YOUR ASSIGNMENT: Please make an exact copy of the lines from the one holding "An elegant dining" through the end of the data, both ends included, with no pictures.

EXTRACTED MATERIAL:

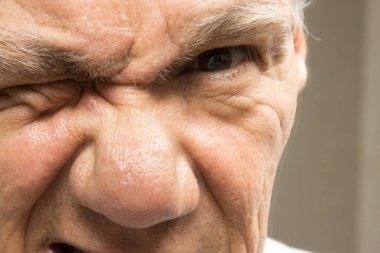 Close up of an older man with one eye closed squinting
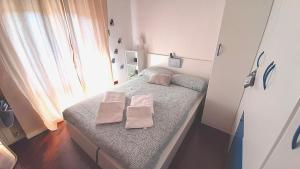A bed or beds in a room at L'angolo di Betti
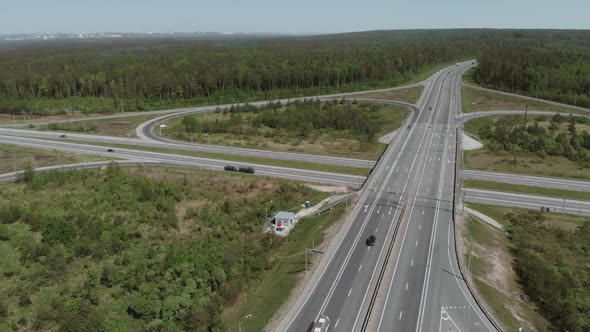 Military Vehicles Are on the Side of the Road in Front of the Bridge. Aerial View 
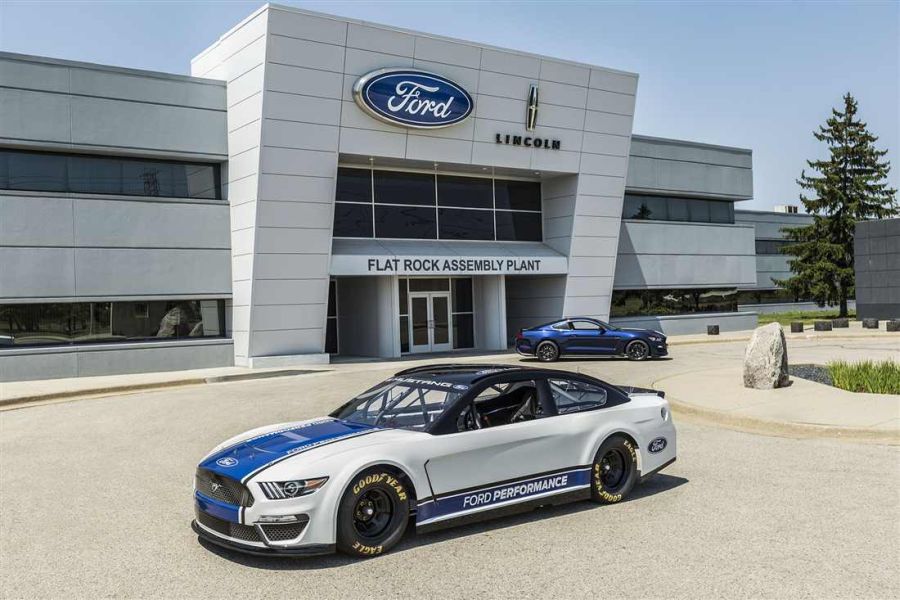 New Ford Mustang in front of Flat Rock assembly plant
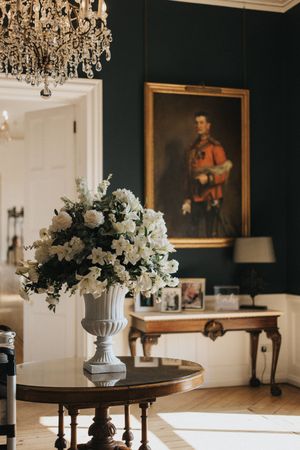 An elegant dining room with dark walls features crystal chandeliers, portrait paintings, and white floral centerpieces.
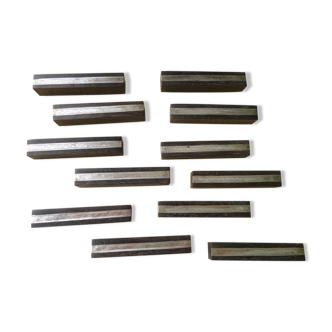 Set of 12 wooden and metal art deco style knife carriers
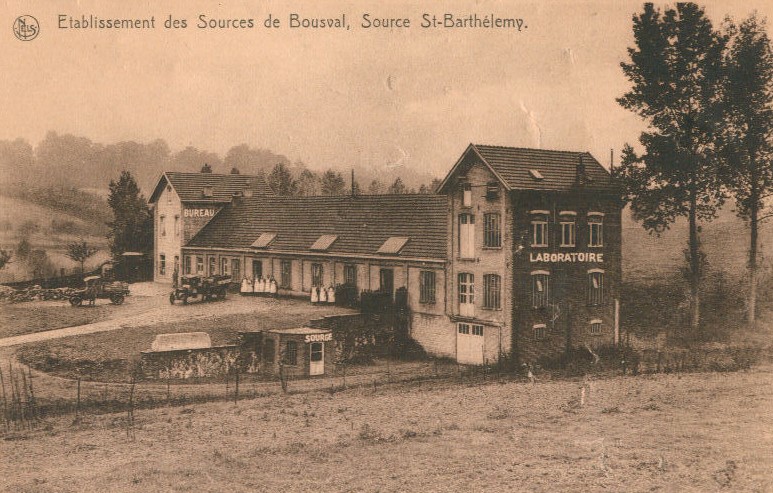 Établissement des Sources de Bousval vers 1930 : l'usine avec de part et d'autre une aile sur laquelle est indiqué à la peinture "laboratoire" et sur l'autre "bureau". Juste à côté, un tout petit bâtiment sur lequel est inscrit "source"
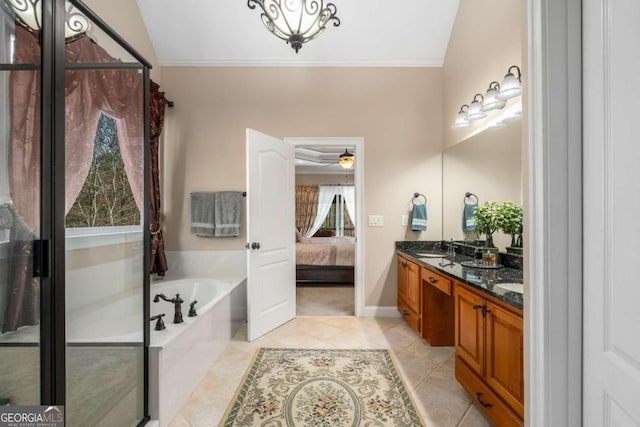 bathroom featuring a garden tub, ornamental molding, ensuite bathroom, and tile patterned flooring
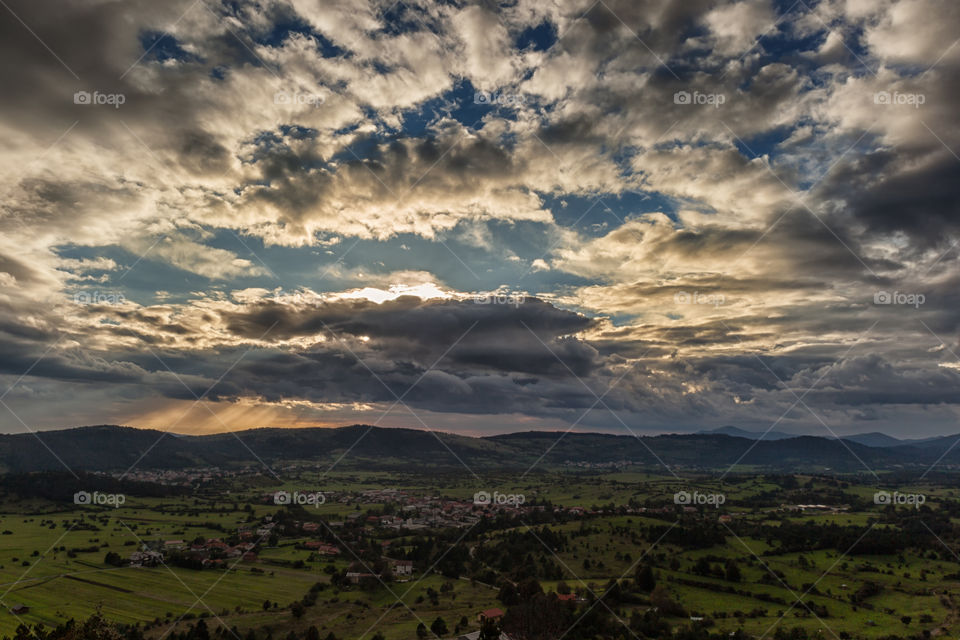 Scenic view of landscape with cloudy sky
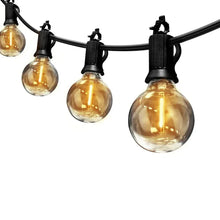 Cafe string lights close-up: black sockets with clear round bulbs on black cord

SOLUTION TO THE EXERCISE:
 An elegant dining room with dark walls features crystal chandeliers, portrait paintings, and white floral centerpieces.
 Set of 12 wooden and metal art deco style knife carriers
 Établissement des Sources de Bousval vers 1930 : l'usine avec de part et d'autre une aile sur laquelle est indiqué à la peinture "laboratoire" et sur l'autre "bureau". Juste à côté, un tout petit bâtiment sur lequel est inscrit "source"
 bathroom featuring a garden tub, ornamental molding, ensuite bathroom, and tile patterned flooring
 Scenic view of landscape with cloudy sky
 Cafe string lights close-up: black sockets with clear round bulbs on black cord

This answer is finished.